Crystal Visions, which was photographed by Aubrey Edwards, was initially inspired by the music and style of Stevie Nicks, and became a sort of non-linear story about a character I took to calling the Dream Walker. I envisioned this character appearing to people with symbolic messages between sleep and waking, so it’s full of dreamy early-morning light, washes of color, and 1970’s prismatic effects meant to reference the Dream Walker’s place in the subconscious.
Paper Dolls is a playful exploration of how our outward appearances influence what others assume about us, and what judgments about lifestyle and economic status are projected as a result. With photographs of our models (shot by Alana Pryor Ackerman) we recreated the format of classic paper doll pages, which typically look like a doll in nondescript undergarments surrounded by different outfits that have foldable tabs on them so the clothes can be worn. Each doll character is a sort of blank canvas in white underwear, and next to them are outfits that represent divergent aspects of themselves expressed through clothing, each one potentially indicating something different about the culture, status, or identity of that doll when worn.

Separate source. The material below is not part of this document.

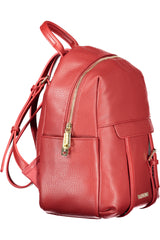 VALENTINO BAGS WOMEN'S RED BACKPACK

After a successful Kickstarter campaign, it seemed like issue #1 would be out in no time, but the printing company Micah & Theo had originally been working with declined their business after seeing the final product. They went through another round of finding a printer, and, after several rejections, found a company in Iceland who was willing to print the magazine.
Was the original printer's objection to the visual content only, or with some of the written content as well?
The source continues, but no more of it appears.